India’s dragging its feet over various issues at RCEP had given rise to the speculation over whether other members might wish to conclude the deal without India. Without India, however, RCEP gets significantly limited in size, much like the CPTPP has without the US. Without India, RCEP can’t be the largest FTA in the world encompassing almost half of the world’s population and more than a third of the global GDP. Along with China, India remains one of the most formidable economic actors in RCEP and its long-term prospects. Dropping India would mean cutting RCEP to a suboptimal size.

Perhaps India is also aware of its significance within the RCEP bloc and is therefore persistent with its demands. On the other hand, it is also conscious of the importance of staying engaged with RCEP. By being part of RCEP, India elevates itself to a position of greater prominence in regional affairs. It becomes both more visible – as well as audible – in its posturings on the region, which is one of the major goals of the Modi government’s action-oriented ‘Act East’ policy.

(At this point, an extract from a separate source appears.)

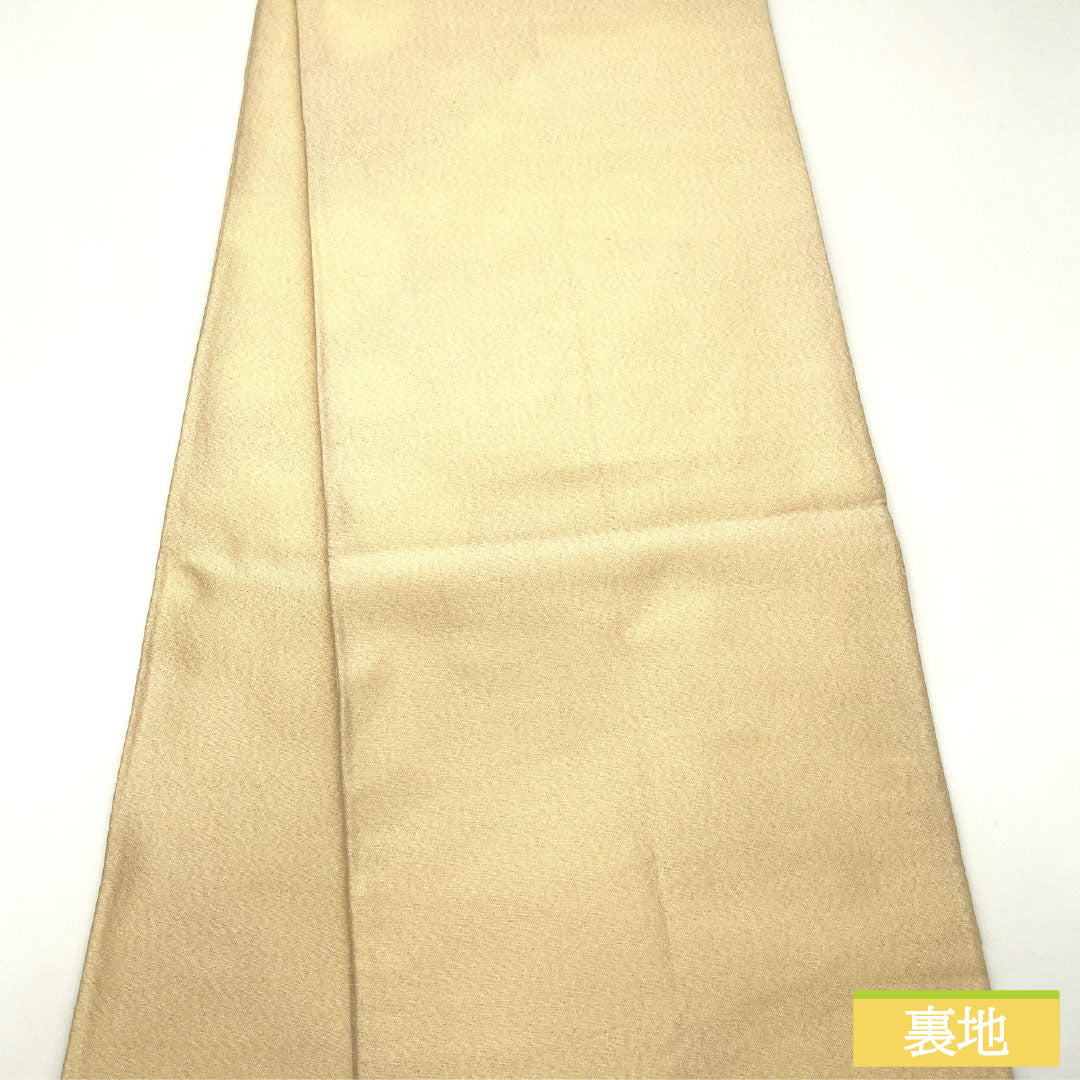 袋帯 正絹 Aランク 生成り色（きなりいろ） 西陣織 松 留袖用 帯丈430cm ポイント柄 フォーマル クリーム系 1123016573315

At a time when US-China trade tensions are forcing repositioning of global supply chains running through Asia, RCEP becomes critical. Its common rules for cross-border trade in goods and services, investment and technology, over a humongous economic geography, can lead to vast reorganizations of production and business networks. The resultant would not just be fresh economic opportunities; but also, emergence of new trade-based strategic coalitions and alliances.

India is conscious of these opportunities. It is very unlikely to drop out of RCEP. For the rest of RCEP, it is essential to look at India as a prickly package with considerable business and strategic prospects.

(The author is Senior Research Fellow and Research Lead (trade and economic policy) in the Institute of South Asian Studies in the National University of Singapore. He can be reached at [email protected],com and [email protected])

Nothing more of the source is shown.